Stiles zmarszczył brwi.

- To całe spotkanie, a teraz nocowanie... - zaczął ostrożnie Stilinski - To ma na celu odciągnąć mnie od niej, prawda?

- Stiles... - zaczął ponownie brunet - Nie zaczynaj...

- Czego? - warknął - Tego, że traktujecie mnie jak dziecko? - powiedział, uderzając w kierownice - Dziecko z ADHD, które nie potrafi zrozumieć, kiedy jest w niebezpieczeństwie? Niezdolne do podejmowania własnych decyzji....

- Stiles. - przerwał Scott - Dobrze wiesz, że nikt nie postrzega cię jako kogoś gorszego, ze względu na to, że.... - zaświecił oczami, pokazując pomarańczowe tęczówki - Każdego z nas, to wszystko męczy psychicznie. Nie jesteś w tym sam, a widzę, że starasz się to znosić bez naszej pomocy.
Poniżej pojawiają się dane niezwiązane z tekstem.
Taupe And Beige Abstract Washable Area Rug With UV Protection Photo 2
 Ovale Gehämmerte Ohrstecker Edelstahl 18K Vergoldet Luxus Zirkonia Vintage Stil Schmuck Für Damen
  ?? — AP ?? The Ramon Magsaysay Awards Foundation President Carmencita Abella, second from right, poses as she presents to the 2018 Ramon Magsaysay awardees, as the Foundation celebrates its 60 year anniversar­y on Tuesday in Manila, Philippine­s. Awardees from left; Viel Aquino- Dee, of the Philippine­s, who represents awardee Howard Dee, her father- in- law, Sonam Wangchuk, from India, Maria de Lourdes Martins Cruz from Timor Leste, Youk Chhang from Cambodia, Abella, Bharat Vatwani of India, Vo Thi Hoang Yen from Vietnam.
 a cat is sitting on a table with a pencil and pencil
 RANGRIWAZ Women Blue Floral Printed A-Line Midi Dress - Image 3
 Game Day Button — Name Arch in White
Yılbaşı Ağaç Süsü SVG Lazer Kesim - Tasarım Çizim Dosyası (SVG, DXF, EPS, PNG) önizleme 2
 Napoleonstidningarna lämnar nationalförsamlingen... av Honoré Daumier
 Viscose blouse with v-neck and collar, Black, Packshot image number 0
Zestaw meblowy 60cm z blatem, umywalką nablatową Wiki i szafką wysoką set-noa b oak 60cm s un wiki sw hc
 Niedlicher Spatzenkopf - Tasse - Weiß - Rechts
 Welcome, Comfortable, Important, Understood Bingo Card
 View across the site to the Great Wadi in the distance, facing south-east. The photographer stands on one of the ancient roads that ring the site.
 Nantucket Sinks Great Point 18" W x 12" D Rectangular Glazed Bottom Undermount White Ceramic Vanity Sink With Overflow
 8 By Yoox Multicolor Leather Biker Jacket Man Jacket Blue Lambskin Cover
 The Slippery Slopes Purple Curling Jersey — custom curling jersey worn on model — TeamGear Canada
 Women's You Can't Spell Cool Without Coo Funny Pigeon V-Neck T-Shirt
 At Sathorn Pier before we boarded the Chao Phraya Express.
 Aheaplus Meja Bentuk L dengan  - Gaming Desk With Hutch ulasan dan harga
Wcale nie musi tak być. Nie musisz codziennie męczyć się ze snem, i codziennie przed zaśnięciem rozmyślać co by było gdyby...

- Skąd wiesz o snach?

Scott speszył się lekko.

- Ja... Wczoraj przypadkiem wszedłem do pokoju, kiedy ty i Alex zasnęliście. - Stiles lekko poczerwieniał na twarzy. - I wtedy nagle wszedł twój tata i powiedział, że od dawna nie potrafisz usnąć nawet na chwilę.

- Oczywiście, że to powiedział. - westchnął

- Stiles. - przerwał znowu Scott - Pozwól chociaż raz innym zadbać o ciebie. Chodźmy do mnie, pooglądajmy filmy, albo zagrajmy w coś na konsoli. Nie musimy codziennie martwić się dosłownie o każdą rzecz. Nasza inność, nie zabiera nam prawa do życia.

Stiles zawahał się chwile, czując nadal w myślach, natrętne spojrzenie Alex. W końcu jednak wyjął kluczyk ze stacyjki i z determinacją spojrzał na Scotta.

- Ale dziś obejrzymy Gwiezdne Wojny.